## AIM OF THE EXERCISE
Transcribe the data below verbatim from the line with "空中运动-冬季在松树上方移动视频素材" to the line with "Eriogonum angulosum". Include both of those lines.
==== DATA RECORDS
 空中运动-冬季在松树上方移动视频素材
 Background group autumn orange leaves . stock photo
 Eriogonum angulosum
========
==== DATA RECORDS
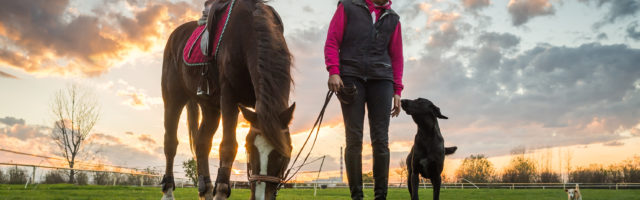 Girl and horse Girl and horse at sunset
========
==== DATA RECORDS
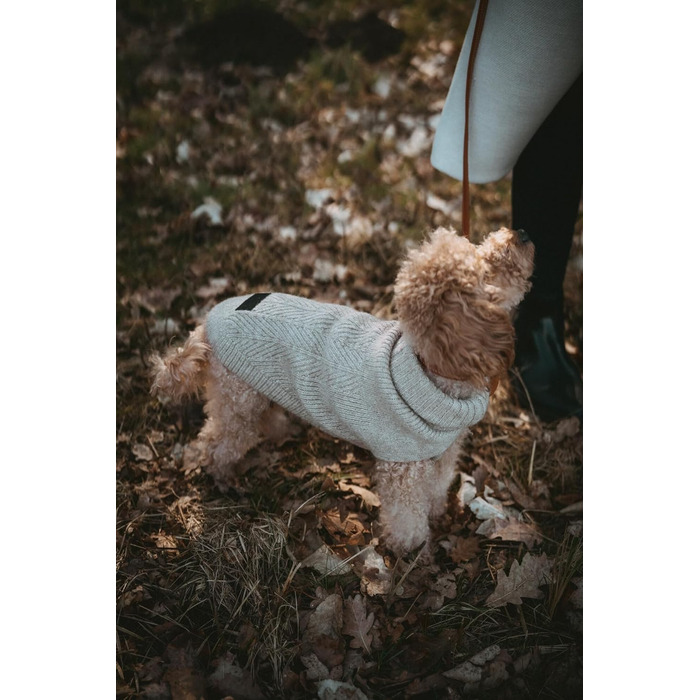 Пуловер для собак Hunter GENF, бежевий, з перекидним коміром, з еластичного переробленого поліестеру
========
## RESPONSE TO THIS EXERCISE
 空中运动-冬季在松树上方移动视频素材
 Background group autumn orange leaves . stock photo
 Eriogonum angulosum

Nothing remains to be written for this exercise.